Should Minnesota win the bid, urbanists have both practical and moral reasons for becoming deeply involved. Hosting an event like an Expo or an Olympics requires land on which to stage the event; land that will be dramatically transformed. Despite the prohibition on public funding, political capital will still be needed to support the bid in a myriad of ways. There is the will and the way to make change happen in the orbit of this event, and it’s therefore critical that people advocate for that change to be positive and to provide benefits that last long beyond the Expo, something that other big international events, especially Olympic games, have catastrophically failed to do.

Especially from a moral and ideological point of view, it is essential that the Expo and urbanist goals be aligned. The Expo’s proposed theme, “Wellness and Well Being for All: Healthy People, Healthy Planet,” is the same theme of most of the writing that is posted to this website. We want healthy communities where people use active transportation and are not hit by cars. We want cities where pollution in our air, ground, and waters is erased, and where the carbon hit to the climate is reduced. These goals merge together often, when we speak about walkability or bicycle infrastructure or density or mass transit.

In 2015, the bid leader and former Minnesota Secretary of State Mark Ritchie floated the Arden Hills ammunition site as one of several places being considered as the Expo’s location. It goes without saying, but to host the event at a site accessible only by private car would be completely antithetical to the Expo’s theme. The optimal outcome for people and the planet, in such a scenario, would be if nobody attended. So it was refreshing to hear the land east of TCF Bank Stadium floated as a location. As a baseline, the event would have to be held in a place that is walkable, bikable, and reachable by transit.

(Digression: I’d love to have seen the area around the Minneapolis Farmers Market and the future Royalston SWLRT station transformed, or else the outdated and now-contextually inappropriate Westgate office park demolished and rebuilt, but alas.)

The TCF Bank Stadium location fits that first bill, but so much more could be done. For one, the fair location should be held in, and result in the kind of dense, urban environment that leads to healthy people and a healthier planet.
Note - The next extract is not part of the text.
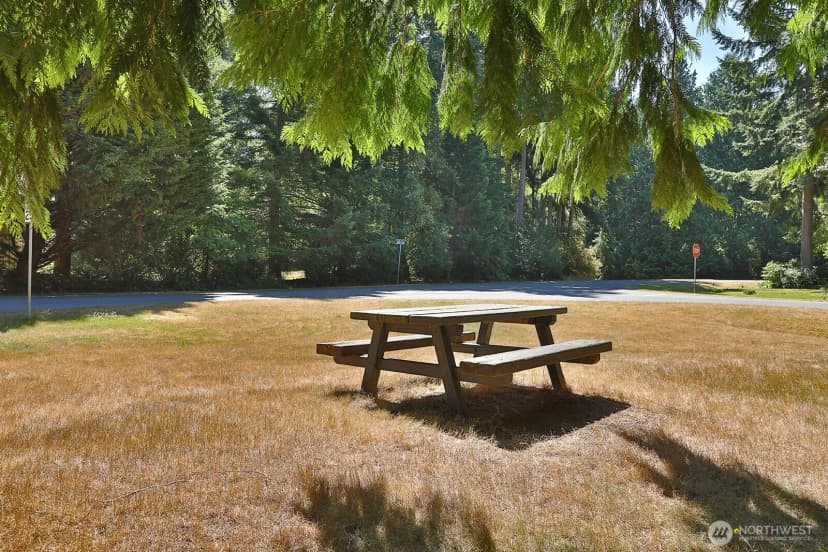 Property photo for 1098 Cedar Circle, Langley photo 31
The University of Minnesota has already started talking about a kind of mixed use innovation district/tech incubator on land to the east-southeast of TCF Bank Stadium. (Is this the land that Expo 2023 committee has in mind, or are they looking just to the north, across the light rail tracks?) It would seem to make a tremendous amount of sense if both projects worked side-by-side to create an actual urban district that will host residents and businesses living and working in a healthy, environmentally friendly neighborhood the moment the fair packs up. Traditionally, World’s Fairs have left behind weird parks, with large open voids where there was once programming, and the occasional decaying folly (see: Flushing, Queens, for a classic example). But instead of pitching a bunch of tents in a grassy expanse, why not host pavilions on new streets, in new plazas, and on building decks? Hold the Expo in a site that is already urban, or failing that, have a redevelopment plan ready to go the moment the last visitor leaves.

You could also maybe do something positive for the Minnesota economy. Put aside the almost-certainly-nonsense estimated “economic impact” of the fair in terms of visitors. Think instead about how the hosting of the event could serve as a recruitment tool for health care and green companies. The Expo will, by default, serve in part as an international trade show for technologies and products in health care and green industries. It’s easy to imagine national trade groups scheduling their annual meetings around such an event. But could the event itself, and a new office district, and tied to a major research university, be used as a way to incentivise companies to move headquarters and offices to Minneapolis? Could it be used to convince international companies to open North American offices in Minneapolis?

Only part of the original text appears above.